I'm encountering a challenge while scraping news headlines, subtitles and links from The Sun Football website using Selenium. Despite implementing seemingly correct XPaths to target the desired elements (div[@class="teaser__copy-container"]
for containers, span[@class="teaser__headline teaser__kicker t-p-color"]
for titles, and h3[@class="teaser__subdeck"]
for subtitles), I'm consistently extracting the same data for all news items.
Code Snippet
from selenium import webdriver
from selenium.webdriver.firefox.service import Service # Using Firefox service
import pandas as pd
# Website URL for news scraping
website = "https://www.thesun.co.uk/sport/football/"
# Path to the GeckoDriver executable
path = "/Users/dada/AutomationProjects/drivers/geckodriver.exe"
# Configure Firefox service with GeckoDriver path
service = Service(executable_path=path)
# Initialise Firefox WebDriver using the service
driver = webdriver.Firefox(service=service)
# Open the desired website
driver.get(website)
containers = driver.find_elements(by="xpath", value='//div[@class="teaser__copy-container"]')
titles = []
subtitles = []
links = []
for container in containers:
title = container.find_element(by="xpath", value='//div[@class="teaser__copy-container"]/a/span[@class="teaser__headline teaser__kicker t-p-color"]').get_attribute("data-original-text")
subtitle = container.find_element(by="xpath", value='//div[@class="teaser__copy-container"]/a/h3[@class="teaser__subdeck"]').get_attribute("data-original-text")
link = container.find_element(by="xpath", value='//div[@class="teaser__copy-container"]/a').get_attribute("href")
titles.append(title)
subtitles.append(subtitle)
links.append(link)
dict = {'Titles' : titles, 'Subtitles' : subtitles, 'Links' : links}
headlines_df = pd.DataFrame(dict)
print(headlines_df)
Verified XPaths: I double-checked the XPaths using browser developer tools to ensure they accurately target the intended elements. The problem persists. I'm still extracting the same titles, subtitles and links despite the troubleshooting step.
Selenium version: 4.19.0 | Python version: 3.9.19 | Environment: Jupyter notebook
I'd appreciate any insights or suggestions to help me identify the root cause of this issue and successfully scrape distinct headlines, subtitles and links from The Sun Football website.
Yeah... so there's this "odd" thing you have to do with XPaths when you search from an existing element. Instead of
link = container.find_element(By.XPATH, '//div[@class="teaser__copy-container"]/a')
you need to add a '.' to the start of the XPath, e.g.
link = container.find_element(By.XPATH, './/div[@class="teaser__copy-container"]/a')
^ period added here
This only applies to XPaths and only when you use .find_element()
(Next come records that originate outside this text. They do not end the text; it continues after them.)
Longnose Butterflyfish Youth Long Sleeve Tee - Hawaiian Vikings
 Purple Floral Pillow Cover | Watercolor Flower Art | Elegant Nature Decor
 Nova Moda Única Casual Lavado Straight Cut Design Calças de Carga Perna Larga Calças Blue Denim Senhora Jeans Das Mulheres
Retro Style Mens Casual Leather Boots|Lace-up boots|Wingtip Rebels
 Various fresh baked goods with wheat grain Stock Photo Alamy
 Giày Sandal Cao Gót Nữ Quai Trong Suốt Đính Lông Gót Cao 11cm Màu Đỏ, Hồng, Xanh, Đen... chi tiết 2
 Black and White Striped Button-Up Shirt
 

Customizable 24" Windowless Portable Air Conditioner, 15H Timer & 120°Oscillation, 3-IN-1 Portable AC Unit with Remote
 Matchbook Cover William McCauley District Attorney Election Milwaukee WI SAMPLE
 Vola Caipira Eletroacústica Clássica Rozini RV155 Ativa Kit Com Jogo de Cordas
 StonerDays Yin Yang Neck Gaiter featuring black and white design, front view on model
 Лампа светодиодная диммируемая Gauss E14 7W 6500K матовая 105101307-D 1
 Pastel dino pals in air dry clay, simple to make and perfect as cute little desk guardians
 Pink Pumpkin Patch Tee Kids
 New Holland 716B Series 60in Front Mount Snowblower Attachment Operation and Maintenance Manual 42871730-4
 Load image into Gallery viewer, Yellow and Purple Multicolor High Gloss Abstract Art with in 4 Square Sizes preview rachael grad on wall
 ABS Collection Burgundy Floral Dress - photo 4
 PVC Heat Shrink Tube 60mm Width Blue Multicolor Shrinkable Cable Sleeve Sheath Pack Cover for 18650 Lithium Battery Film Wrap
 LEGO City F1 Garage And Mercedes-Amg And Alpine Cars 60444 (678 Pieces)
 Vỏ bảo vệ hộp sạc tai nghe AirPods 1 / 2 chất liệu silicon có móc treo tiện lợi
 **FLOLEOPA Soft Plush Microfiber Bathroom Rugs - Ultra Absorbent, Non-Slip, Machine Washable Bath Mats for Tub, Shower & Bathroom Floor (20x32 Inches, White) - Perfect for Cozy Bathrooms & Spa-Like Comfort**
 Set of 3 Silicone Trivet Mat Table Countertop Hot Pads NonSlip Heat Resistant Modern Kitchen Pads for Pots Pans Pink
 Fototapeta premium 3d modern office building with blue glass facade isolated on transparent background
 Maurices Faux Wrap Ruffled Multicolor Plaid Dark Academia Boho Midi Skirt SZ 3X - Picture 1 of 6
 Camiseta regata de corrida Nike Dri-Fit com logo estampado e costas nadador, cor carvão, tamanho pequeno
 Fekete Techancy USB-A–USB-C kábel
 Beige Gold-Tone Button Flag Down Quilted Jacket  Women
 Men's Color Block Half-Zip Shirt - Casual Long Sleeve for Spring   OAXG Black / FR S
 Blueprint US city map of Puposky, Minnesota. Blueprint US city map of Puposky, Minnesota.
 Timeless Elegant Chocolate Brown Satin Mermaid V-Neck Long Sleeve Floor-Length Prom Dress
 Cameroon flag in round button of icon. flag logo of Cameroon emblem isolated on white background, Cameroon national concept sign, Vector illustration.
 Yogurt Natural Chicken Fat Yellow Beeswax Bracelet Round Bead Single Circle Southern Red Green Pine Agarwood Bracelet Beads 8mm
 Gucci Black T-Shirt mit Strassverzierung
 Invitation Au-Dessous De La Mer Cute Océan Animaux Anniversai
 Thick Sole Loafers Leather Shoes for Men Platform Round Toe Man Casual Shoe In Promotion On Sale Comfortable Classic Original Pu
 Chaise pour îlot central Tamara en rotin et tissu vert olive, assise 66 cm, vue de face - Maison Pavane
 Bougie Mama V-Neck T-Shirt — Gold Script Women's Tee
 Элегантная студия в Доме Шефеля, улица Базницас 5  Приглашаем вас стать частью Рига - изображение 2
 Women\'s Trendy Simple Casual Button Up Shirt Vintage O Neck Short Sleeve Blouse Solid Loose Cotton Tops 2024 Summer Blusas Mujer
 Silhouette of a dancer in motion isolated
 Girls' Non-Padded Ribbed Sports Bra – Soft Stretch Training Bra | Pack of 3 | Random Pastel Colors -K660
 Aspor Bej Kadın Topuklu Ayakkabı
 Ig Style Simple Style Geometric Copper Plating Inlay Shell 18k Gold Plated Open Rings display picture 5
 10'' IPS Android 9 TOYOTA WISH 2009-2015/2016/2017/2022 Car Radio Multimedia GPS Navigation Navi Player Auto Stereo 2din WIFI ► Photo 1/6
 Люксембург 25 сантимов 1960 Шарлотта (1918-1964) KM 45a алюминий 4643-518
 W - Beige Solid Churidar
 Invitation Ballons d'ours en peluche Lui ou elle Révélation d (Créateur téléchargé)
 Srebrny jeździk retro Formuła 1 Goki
from an element. For example, driver.find_element()
works fine but element.find_element()
requires the '.'. That should fix your issues.
Turns out your locators for the title, etc. were not correct. I updated and simplified them. Full working code is below.
from selenium import webdriver
from selenium.webdriver.common.by import By
import pandas as pd
# Website URL for news scraping
website = "https://www.thesun.co.uk/sport/football/"
# Initialise Firefox WebDriver using the service
driver = webdriver.Firefox()
driver.maximize_window()
# Open the desired website
driver.get(website)
containers = driver.find_elements(By.XPATH, '//div[@class="teaser__copy-container"][./a]')
titles = []
subtitles = []
links = []
for container in containers:
title = container.find_element(By.CSS_SELECTOR, 'a > span').get_attribute("data-original-text")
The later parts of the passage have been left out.